Whenever I return to Paris, it always takes me a few days to get settled and realize that I am actually here. A while ago, Tory wrote a post on how she knows she’s in Paris, which inspired me to think about the signs that tell me I’ve arrived.
Everyone has their own Paris; a few special haunts and pleasures that always make returning to Paris feel like a wonderful indulgence. I’ll bet most regular visitors have certain things they always do and see as soon as they hit the ground. I arrived here a few days ago and like clockwork, these seven habits kicked in.

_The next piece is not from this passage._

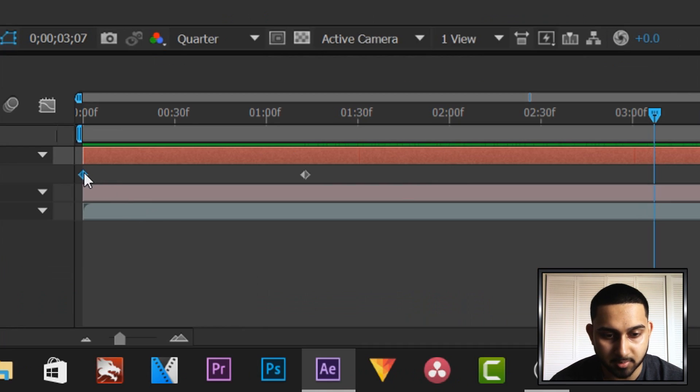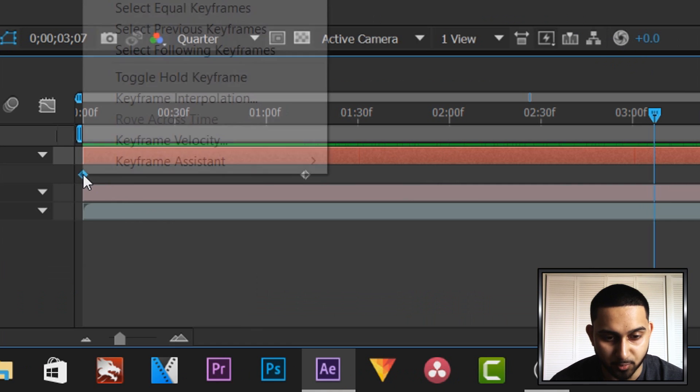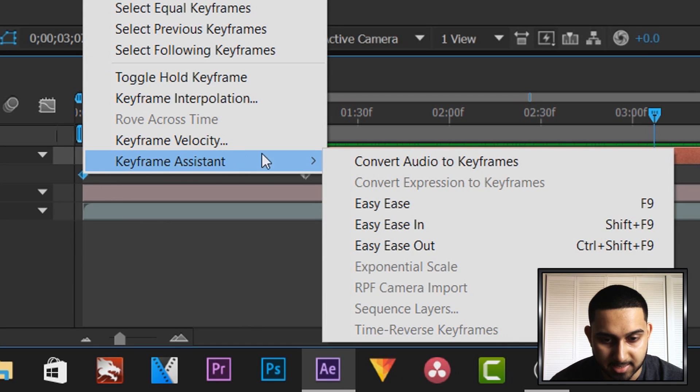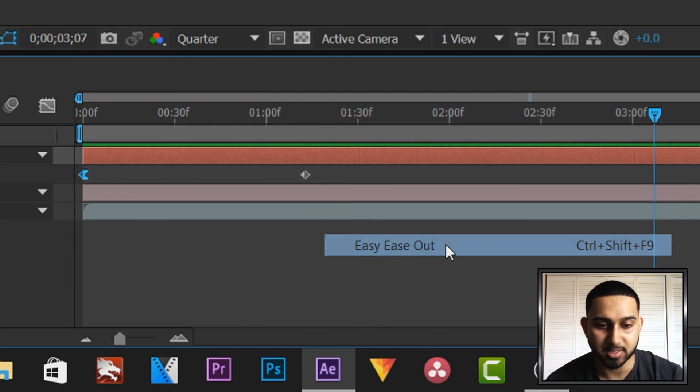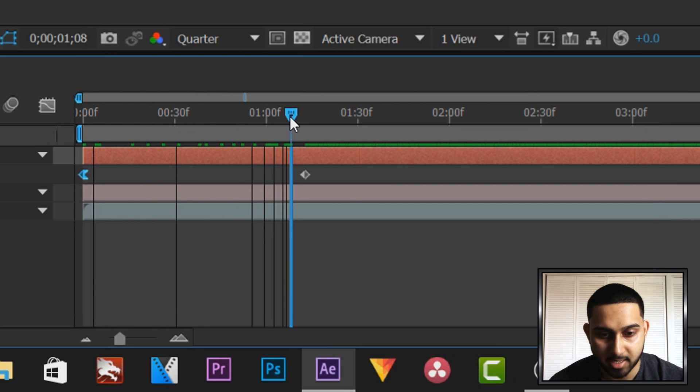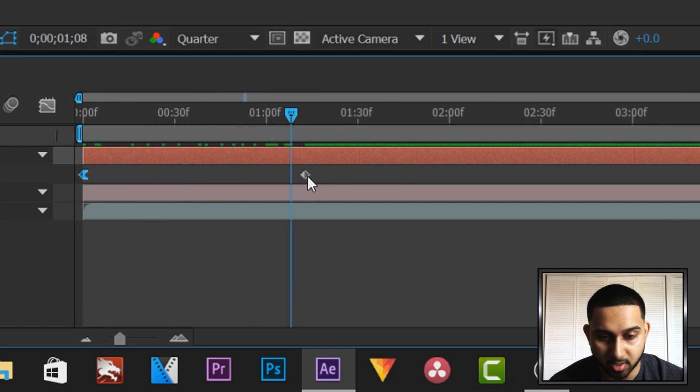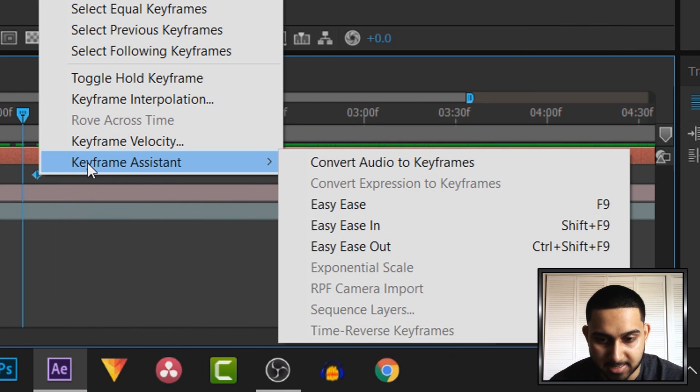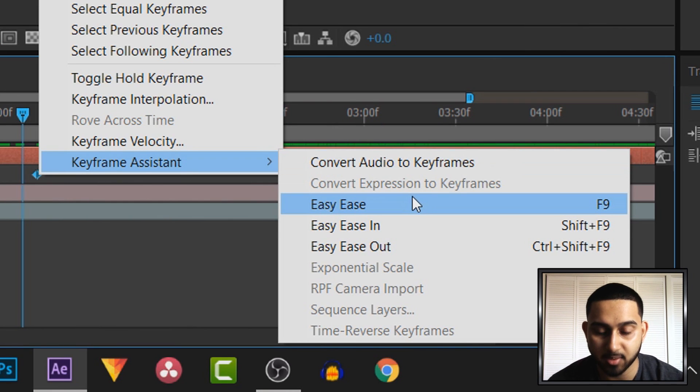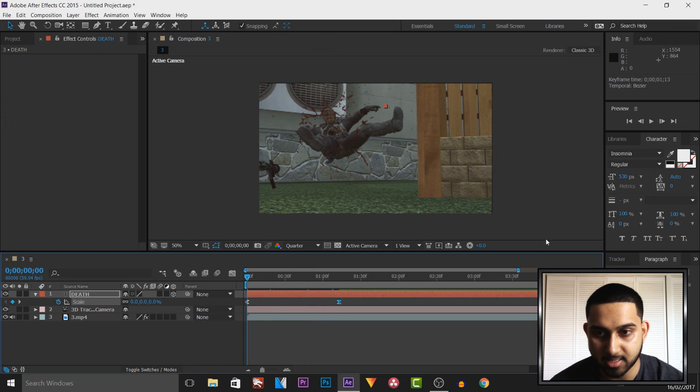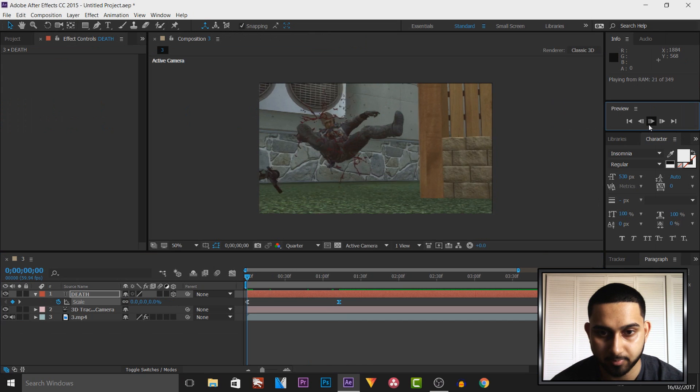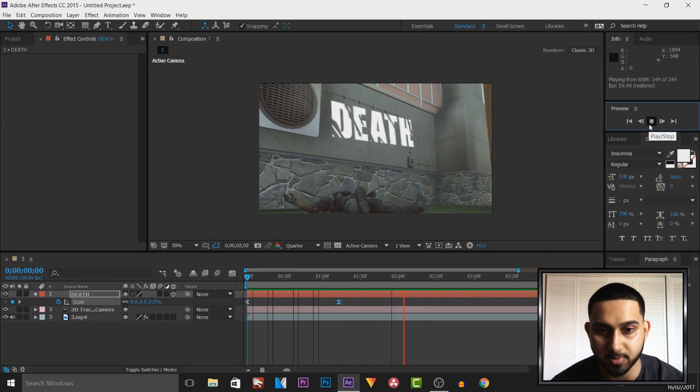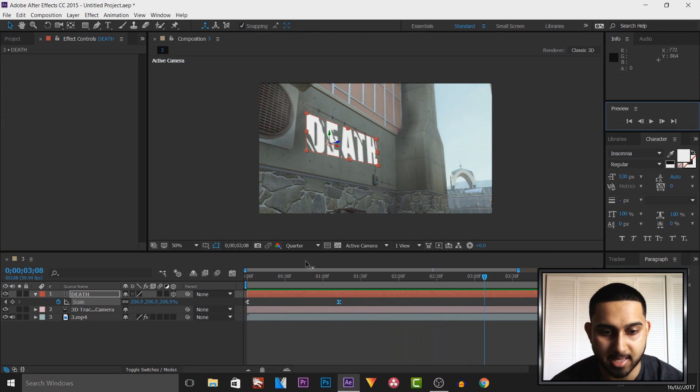Now we're going to come to the first keyframe, right click it, select keyframe assistant and select easy ease out. And this will just make things look so much smoother. And then we're also going to come to the second keyframe, right click it, keyframe assistant. This time we're going to select easy ease. And now if I play this through, you'll see it looks much smoother like that.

1. I start taking photos at bookshops, florists and even greengrocers. There is something about the level of beauty and the care taken in displaying even simple things here that makes me very happy. Essentially, my desire to take photos of random things tells me that my eyes are wide open, I’m being inspired, and I’m taking everything in.

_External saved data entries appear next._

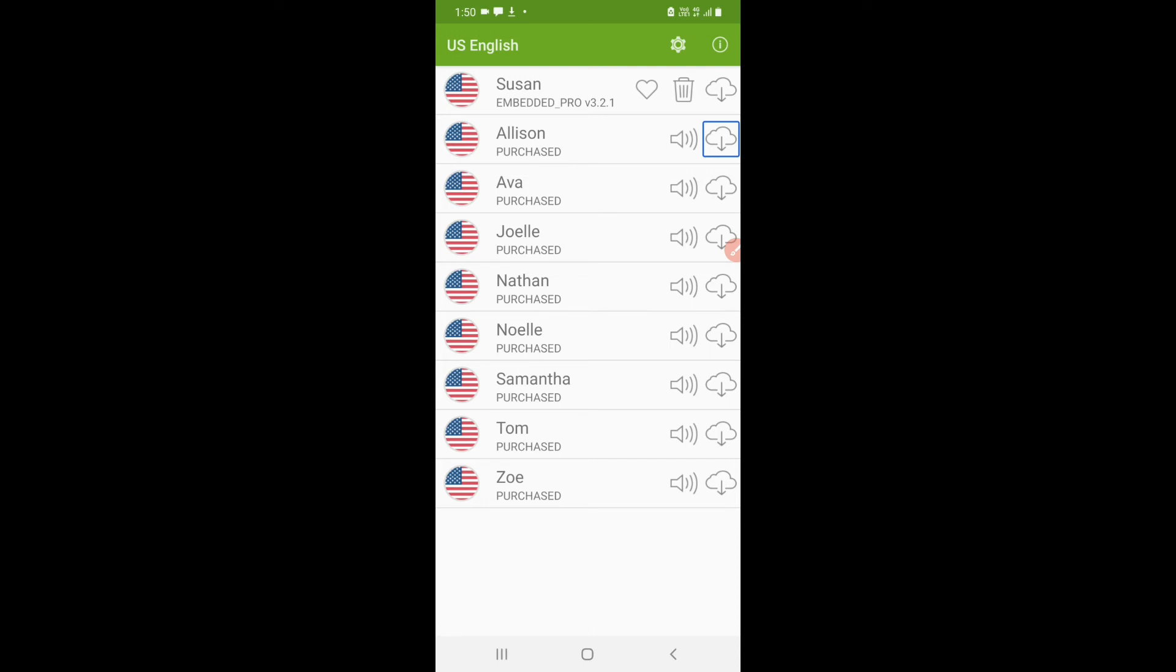One thing to be noted is that when it is downloaded for the first time, in the settings option it is by default set as download voices over WiFi, and that checkbox is checked. If you don't have WiFi or you are not connected to a WiFi network, you will not be able to download the voices. So you have to go to the settings option and uncheck that option, so you can download your voices over mobile data as well.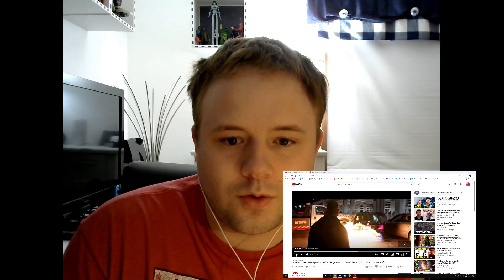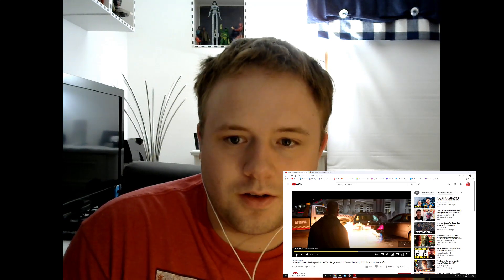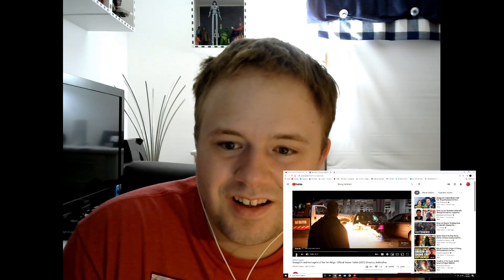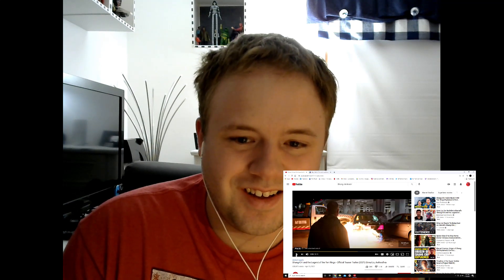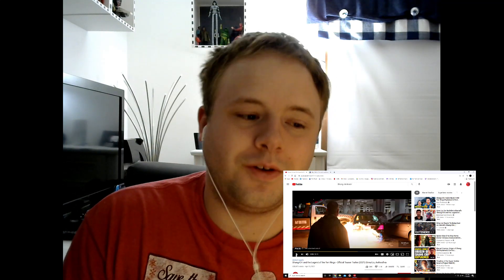Shang-Chi, the Legend of the Ten Rings. You make a good team. September 3rd, September 3rd, 2021.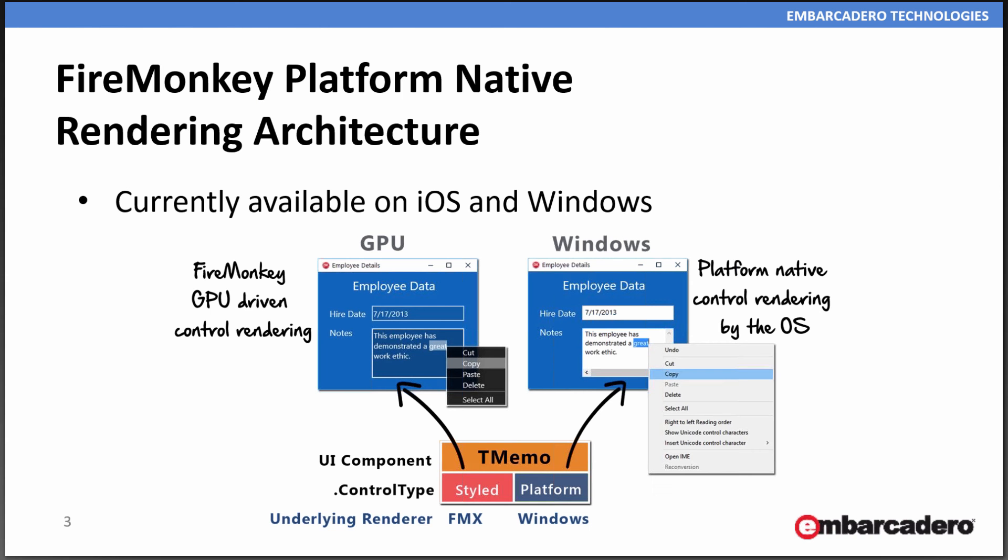For FireMonkey, as I showed, depending on the platform you're running on, you can choose styled or platform.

2. The cute, young waiter in an ordinary corner bistro gives me a lingering look with smoldering, come-hither eyes along with the bill. WHAT. Actual attractive men give me a bit of an appreciative glance as I pass them in the street.
This is always a shocker when you’ve just arrived from London, where no one looks at anyone, ever, especially not like that. This is something that I find very nice about Paris – it just feels like a sign of appreciation of women and you don’t have to be eighteen to receive it. I look forward to enjoying those looks until I’m well into my eighties.

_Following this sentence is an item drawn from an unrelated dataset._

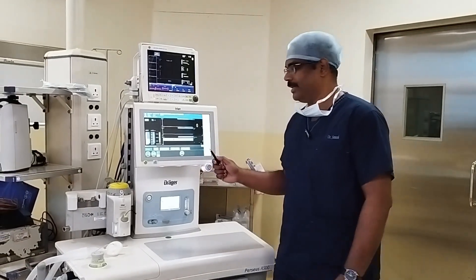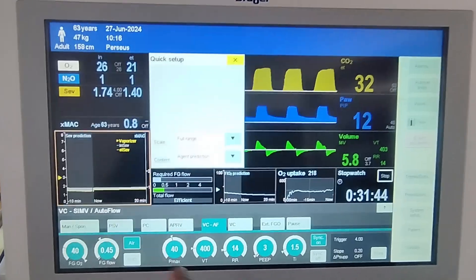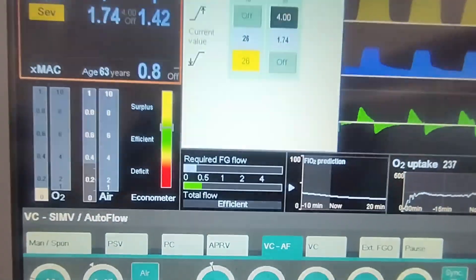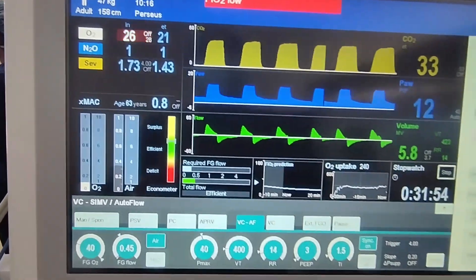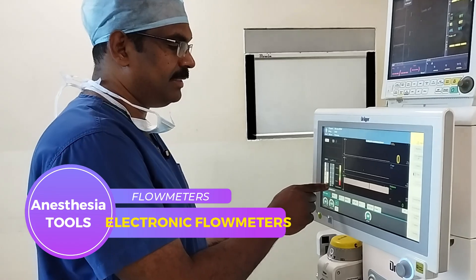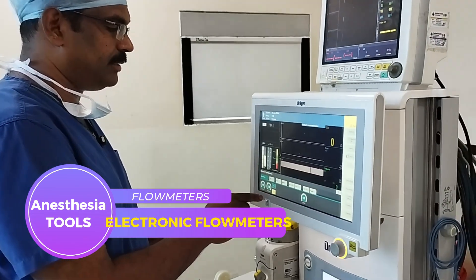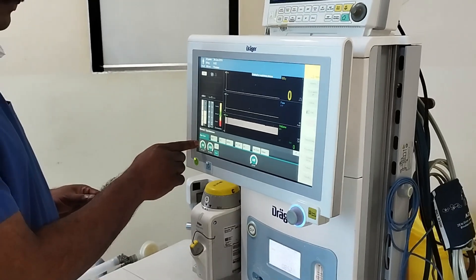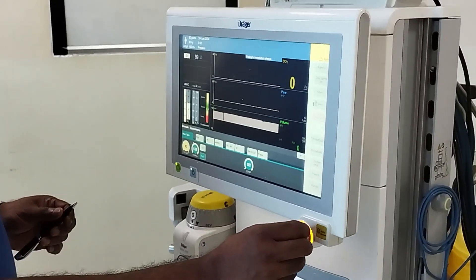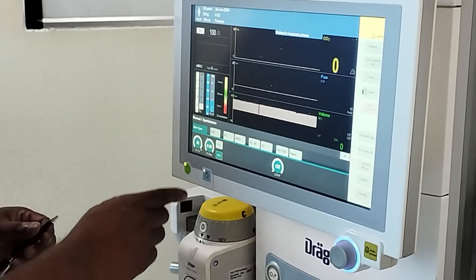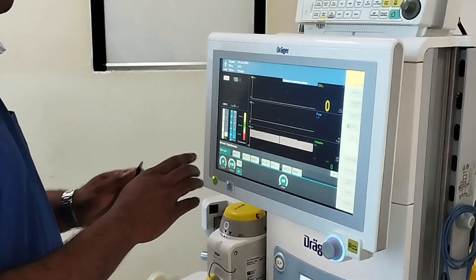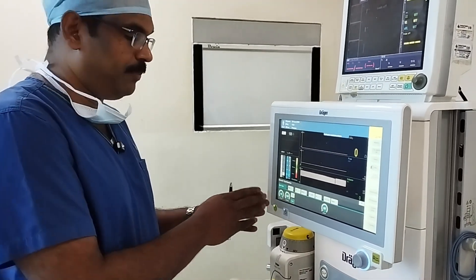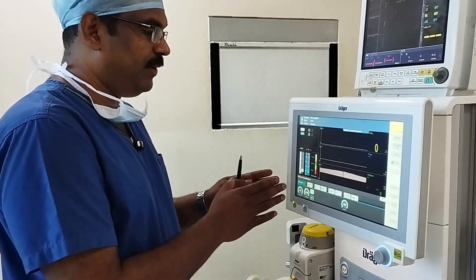This is a Dräger Perseus machine where you can find electronic flow meters. Because there is electronic gas mixing, we don't have separate knobs to control oxygen, air, or nitrous oxide. The flow meter shown here is a virtual flow meter which displays oxygen and the second agent — either air or nitrous oxide — as we choose. What we actually do is set the percentage of oxygen: if I set 40% oxygen, the corresponding nitrous oxide is automatically dialed by the software, so we need not adjust two different flow meters manually. This is an example of a virtual flow meter.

3. I take long walks for no particular reason, with no fixed destination in mind. I would never do this in London, but in Paris I can walk for miles without getting tired. It’s how I first got to know the city really well, and I’ve found many of my favorite haunts by exploring on foot.
4. Yoghurt. I haven’t tried yoghurt in every country in the world, and perhaps that’s what my first book will be about, but French yoghurt is delicious. I don’t even eat it in London, but here I stock up on my favorite brebis (sheep’s milk) yoghurts as a matter of urgency and I eat one every day.
5. I become extremely excited about visiting pharmacies. Like anyone sensible, I’m obsessed with French beauty products and Paris pharmacies are vastly superior to those elsewhere. French pharmacies contain hundreds of excellent skincare products, and I usually spend hours scanning the beautifully laid-out shelves searching for promises of new types of radiance unavailable in the UK. I have my preferred pharmacies around the city.
Citypharma on the rue du Four, where all the hair and make up artists shop when they’re in town, is like a crazy discount supermarket. I actually prefer the Pharmacie de la Mairie on the corner of the rue des Archives. It’s smaller but much calmer, so you can browse in peace. It stocks all the brands you could ever want and has knowledgeable, helpful staff. Prices of the same products do tend to vary quite a bit across the city, so my quest for the best deal on double 500ml packs of Bioderma Crealine H20 cleanser starts as soon as I see the first green cross sign of a pharmacy glowing at me.
6. I pay a little more attention to grooming and how I’m dressed, but subtly. As in, I iron clothes and make sure a lint roller has been deployed if necessary before leaving the house. (When I’m in Paris I only wear black, navy and charcoal obviously.) I look in the mirror before going out to make sure my skirt isn’t tucked into my knickers. No one would even notice in London if it was (see 2), or they’d think it was a new trend and start doing it as well. In Paris the more impeccably dressed you are, the better service you get and the nicer people are to you. Fair? No. True? Afraid so.
7. I have to say hello to the Seine. I don’t feel properly oriented in Paris until I’ve been to pay my respects to the river that runs through it. Once I’ve crossed over the river, I know I’m really here.